Do you think a black Republican candidate could sway black voters towards the GOP?
“No,” I said.
I have written on the dilemma of black hesitance to go Republican here before. It is a lot trickier than we often think.
Philadelphia has never seen a black candidate run for a citywide office without the “D” after his name, so I answered the question using the most recent, most local example.
In 2006, Ed Rendell ran for a second term as Pennsylvania’s Governor. Rendell is a Philadelphia cat in a state that has its issues with its largest city. So, he was unquestionably vulnerable. The commonwealth’s GOP thought it had the perfect candidate to run against a populist Democrat in a largely conservative state, a big name, socially rightist black. Lynn Swann, a former wide receiver for the Pittsburgh Steelers, was one of three black men running gubernatorial campaigns as Republicans.
It was part of an initiative by then-GOP Chairman Ken Mehlman to court black voters, particularly those who would identify with the party’s Christian foundation and socially conservative platform. That platform came on the heels of the 2004 presidential election during which George W. Bush got 11 percent of the black vote, compared with 9 percent in 2000.

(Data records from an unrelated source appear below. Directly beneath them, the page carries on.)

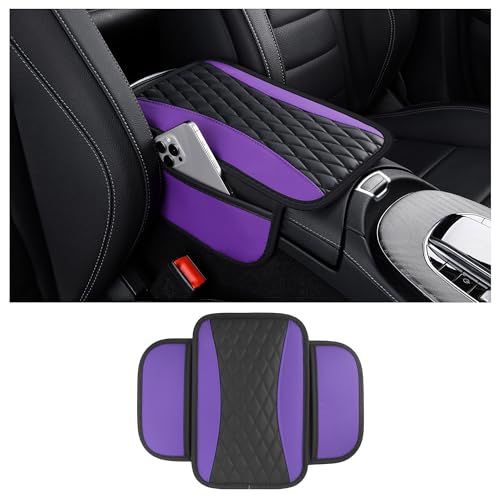 Leather Car Center Console Cover with Side Pockets,Stylish Car Decorations Interior Armrest Cover for Car Seat Organizer,Universal Center Console Protector Fit Car SUV Truck (Purple) - color: Purple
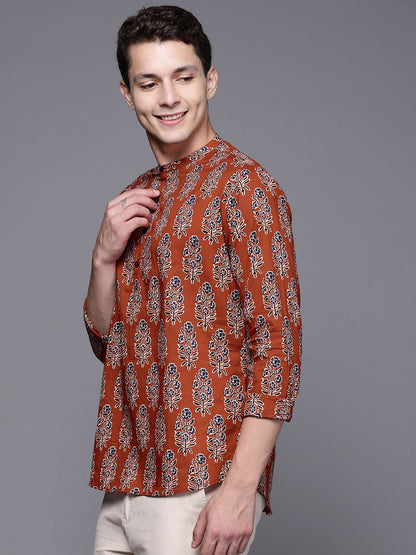 Maroon Ethnic Motifs Cotton Straight Kurtas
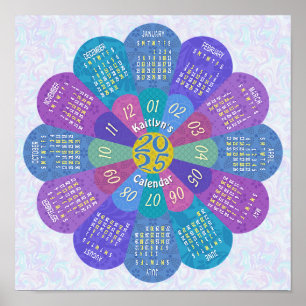 2025 Calendar Unique Boho Purple Flower Custom Poster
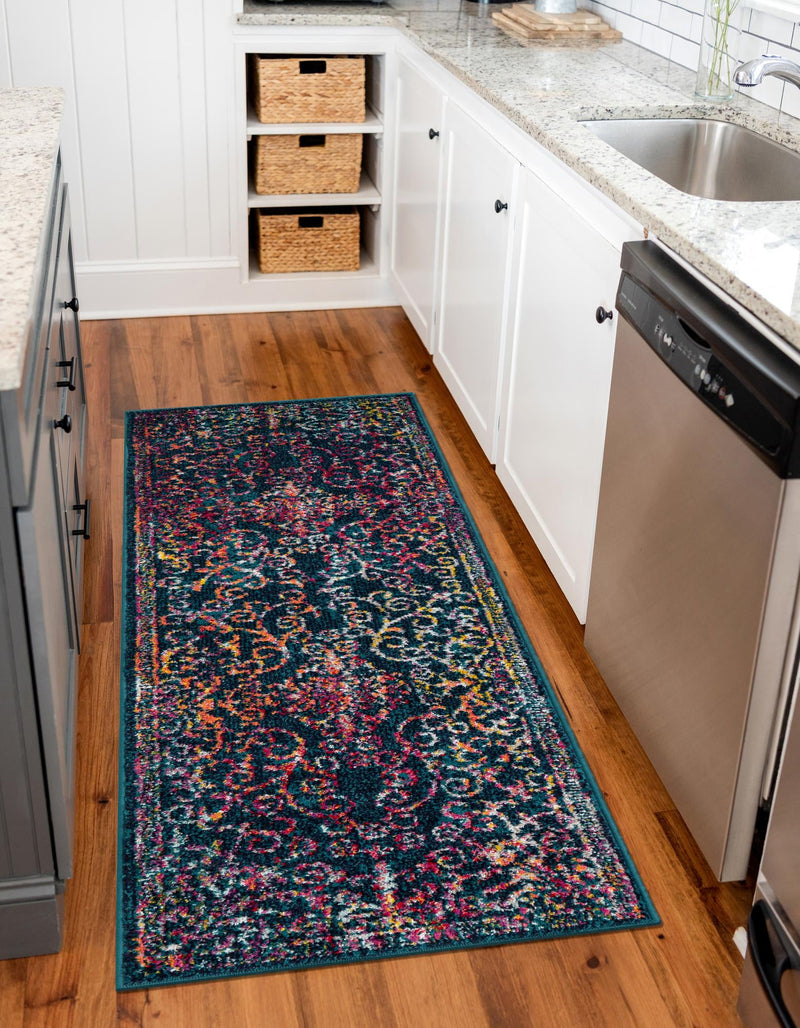 Brighton Terrace Collection Area Rug - Saltdean Runner Navy Blue lifestyle 60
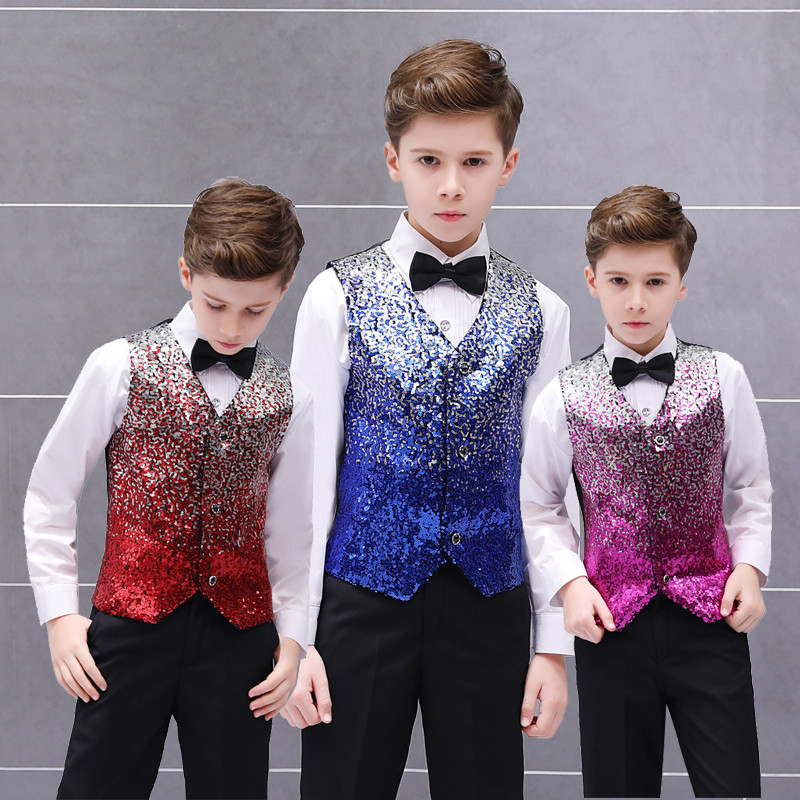 [พร้อมสต็อก] สีสันชายตําแหน่งไล่โทนสีประดับด้วยเลื่อมเสื้อกั๊กเด็กเวทีโฮสต์การรับเชิญประสิทธิภาพเสื้อกั๊กเด็กแคทวอล์สูทรางวัลสูทประสิทธิภาพเวทีเครื่องแต่งกายจัดเลี้ยงระดับไฮเอนด์ชุดว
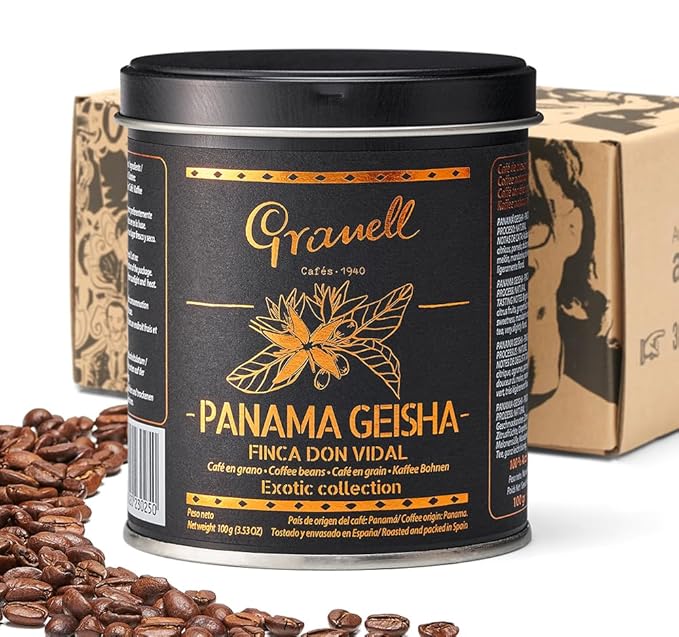 Panama Geisha Coffee Beans: Cafés Granell Finca Don Vidal Medium Roast Whole Bean Coffee Premium Low Acid Panama Coffee from Arabica Coffee Beans Gourmet Coffee Lover Gifts for Men &amp Women 3.5 o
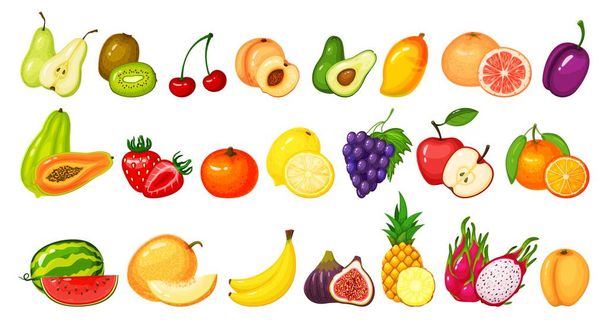 Çizgi film meyve dilimleri. Kivi, ejderha meyvesi, nar, şeftali, elma, üzüm, mango, limon, karpuz, portakal. Olgun sulu meyve vektörü - Vektör, Görsel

But, it didn’t work out, exactly.
Rendell was pulling nearly nine out of 10 black voters in Philadelphia, according to a Philadelphia Tribune/Ron Lester & Associates poll from Nov. 3, which might speak volumes to how Rendell thundered over Swann by 20 percentage points.
Hear highlights of Rendell’s victory speech back from November 2006, as recorded and edited by the Pittsburgh Post-Gazette.
Former Ohio Secretary of State Kenneth Blackwell was another highly touted black Republican who ended up losing. Blackwell, like Swann faced stark challenges.
Whites of both major parties are less likely to vote for their parties’ candidate if he or she is black, according to a report by National Public Radio from July 2006. More troubling, and perhaps more damaging to Swann, is that whites who identify themselves as politically independent are more likely to vote for a white Democrat than a black Republican, as Rendell and Swann may have learned.
Both black and white voter turnout increases up to three percentage points with every black Democratic Party candidate on the ballot, though it doesn’t increase statistically when the candidate is a black Republican, according to the Quarterly Journal of Economics, as cited by NPR.
Again, as I’ve posted before, racial politics have to be different in a Philadelphia election than even a state-wide battle. Though Rendell’s polling data among black Philadelphians seem to cater to the notion that blacks are thoroughly loyal to the Democratic Party and that the machine so deviously strong, Rendell is an unusually popular figure in the city, which may inaccurately characterize the situation.
Still, Philadelphia’s Republican City Committee has courted black candidates before, so, while anything might be worth shaking up the current status of general elections, it is important to keep this in mind.